Cloud Storage ist ein verteiltes System. Da Anfragen aufgrund von Netzwerk- oder Dienstbedingungen fehlschlagen können, sollten Sie bei Neuversuchen nach Fehlschlägen den exponentiellen Backoff verwenden. Aufgrund der Beschaffenheit verteilter Systeme können diese Neuversuche zu unerwartetem Verhalten führen.

Beispiel: Sie möchten die Datei file.txt löschen, die in Cloud Storage gespeichert ist. Anschließend möchten Sie eine neue Datei mit demselben Namen in Cloud Storage hochladen.

Hierzu senden Sie eine Anfrage zum Löschen des Objekts. Aufgrund einer Netzwerkbedingung, wie zum Beispiel durch einen zwischengeschalteten Router, dessen Verbindung vorübergehend getrennt wird, erreicht die Anfrage jedoch Cloud Storage nicht und Sie erhalten keine Antwort.

Da Sie keine Antwort auf die erste Anfrage erhalten haben, senden Sie eine zweite Anfrage zum Löschen des Objekts. Diese ist erfolgreich und Sie erhalten eine Antwort, die das Löschen bestätigt. Eine Minute später beschließen Sie, eine neue file.txt-Datei hochzuladen.

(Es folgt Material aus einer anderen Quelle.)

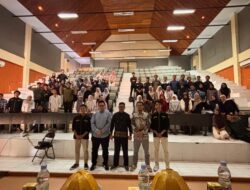 Accounting Fair 2025, HMJ Akuntansi UIN Alauddin Makassar Hidupkan Semangat Kreativitas Mahasiswa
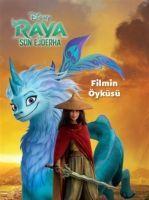 Vorderes Coverbild Disney Raya Ve Son Ejderha - Filmin Öyküsü
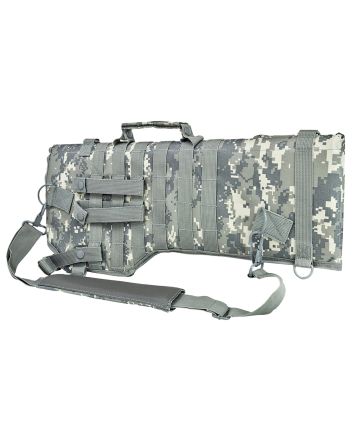 NcStar CVRSCB2919D Tactical ScabbardDigital Camo 28.5" x 9.5"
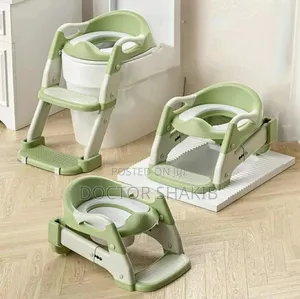 High Quality 3-in-1 Toilet Potty Training Seat M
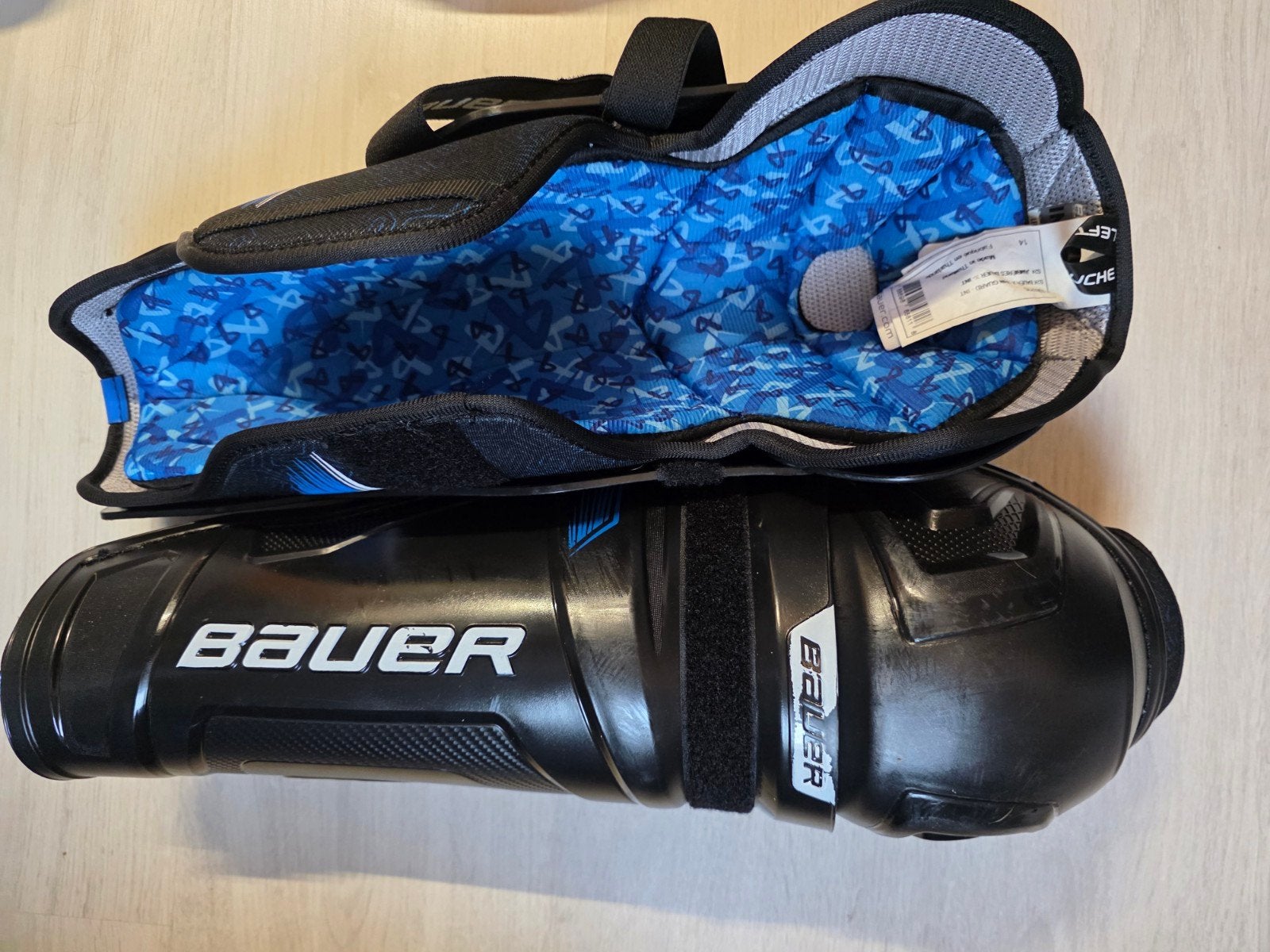 ijshockey, Sports & Fitness, Enlèvement, Comme neuf, Protection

Ihr Upload ist erfolgreich.

Eine Race-Bedingung wird ausgelöst, wenn die Verbindung des zuvor getrennten Routers wiederhergestellt wird und dieser nun Ihre ursprüngliche Anfrage zum Löschen an Cloud Storage sendet. Die Anfrage erreicht Cloud Storage und wird erfolgreich ausgeführt, weil die neue file.txt-Datei vorhanden ist. Cloud Storage sendet eine Antwort, die Sie jedoch nicht erhalten, weil Ihr Client den Vorgang nicht mehr überwacht. Das heißt, es wird nicht nur Ihre neue Datei unerwünscht gelöscht, sondern Sie erfahren auch nichts von dem zweiten Löschvorgang.

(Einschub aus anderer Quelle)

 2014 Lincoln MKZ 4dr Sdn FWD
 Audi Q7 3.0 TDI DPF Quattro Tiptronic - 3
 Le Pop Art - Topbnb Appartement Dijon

Das folgende Diagramm veranschaulicht den Vorgang:

Race-Bedingungen verhindern

Damit die oben beschriebene Situation nicht eintritt, rufen Sie zuerst die Metadaten von file.txt ab, um deren aktuelle Generierung zu ermitteln. Senden Sie dann die Löschanfrage mit einer if-generation-match-Vorbedingung, die die Generierungsnummer verwendet. Mit der Vorbedingung wird gewährleistet, dass nur das Objekt mit dieser spezifischen Generierungsnummer gelöscht wird, unabhängig von dem Zeitpunkt, zu dem die Anfrage Cloud Storage erreicht, oder der Anzahl der mit der Vorbedingung gesendeten Löschanfragen. Mit der Vorbedingung if-generation-match schlagen alle unbeabsichtigten Versuche, eine andere Generierung von file.txt zu ändern, mit dem Antwortcode 412 Precondition Failed fehl.

Ähnliche Netzwerkunterbrechungen können auch nach der Löschanfrage bei der anschließenden Uploadanfrage Race-Bedingungen auslösen. Viele davon können Sie vermeiden, indem Sie die Uploadanfrage mit der Vorbedingung if-generation-match:0 senden. Diese Vorbedingung gewährleistet, dass bei mehreren Uploadversuchen das Objekt nicht versehentlich zweimal geschrieben wird, weil die Anfrage nur erfolgreich ist, wenn keine weiteren aktuellen Generierungen des Objekts vorhanden sind.

Mit diesen Vorbedingungen schützen Sie sich vor Datenverlust, wenn Sie Lösch- und Uploadanfragen ausführen. Das folgende Diagramm veranschaulicht den Vorgang:

Einschränkungen von if-generation-match:0

Die Vorbedingung if-generation-match:0 verhindert nicht, dass ein Objekt doppelt erstellt wird, wenn das erste Objekt gelöscht wird, weil das Fehlen des Objekts nicht eindeutig ermittelt werden kann. Betrachten Sie den folgenden Fall, in dem zwar keine Daten verloren gehen, aber letztendlich eine Datei erstellt wird, die Sie nicht erwarten.

  1. Sie beginnen mit einer GET-Anfrage für die Metadaten von file.txt, um die Generierungsnummer zu ermitteln. Der Antwort entnehmen Sie, dass file.txt nicht existiert.

  2. Ausgehend von dieser Information senden Sie eine Anfrage zum Hochladen von file.txt mit der Vorbedingung if-generation-match:0. Bei dieser Anfrage tritt jedoch eine Zeitüberschreitung auf, als die Verbindung eines zwischengeschalteten Routers vorübergehend getrennt wird.

  3. Nach dem Fehlschlagen des ersten Versuchs senden Sie die Uploadanfrage noch einmal, wieder mit der Vorbedingung if-generation-match:0. Dieses Mal ist die Anfrage erfolgreich.

  4. Kurz danach senden Sie eine Anfrage zum Löschen von file.txt, die korrekt ausgeführt wird.

  5. Wenn der Router, dessen Verbindung getrennt war, diese nun wiedererlangt und Ihre erste Uploadanfrage an Cloud Storage sendet, ist die Vorbedingung dieser ersten Anfrage noch immer erfüllt und file.txt wird neu erstellt. Mit oder ohne Vorbedingung wird file.txt in diesem Fall unerwartet ein zweites Mal hochgeladen.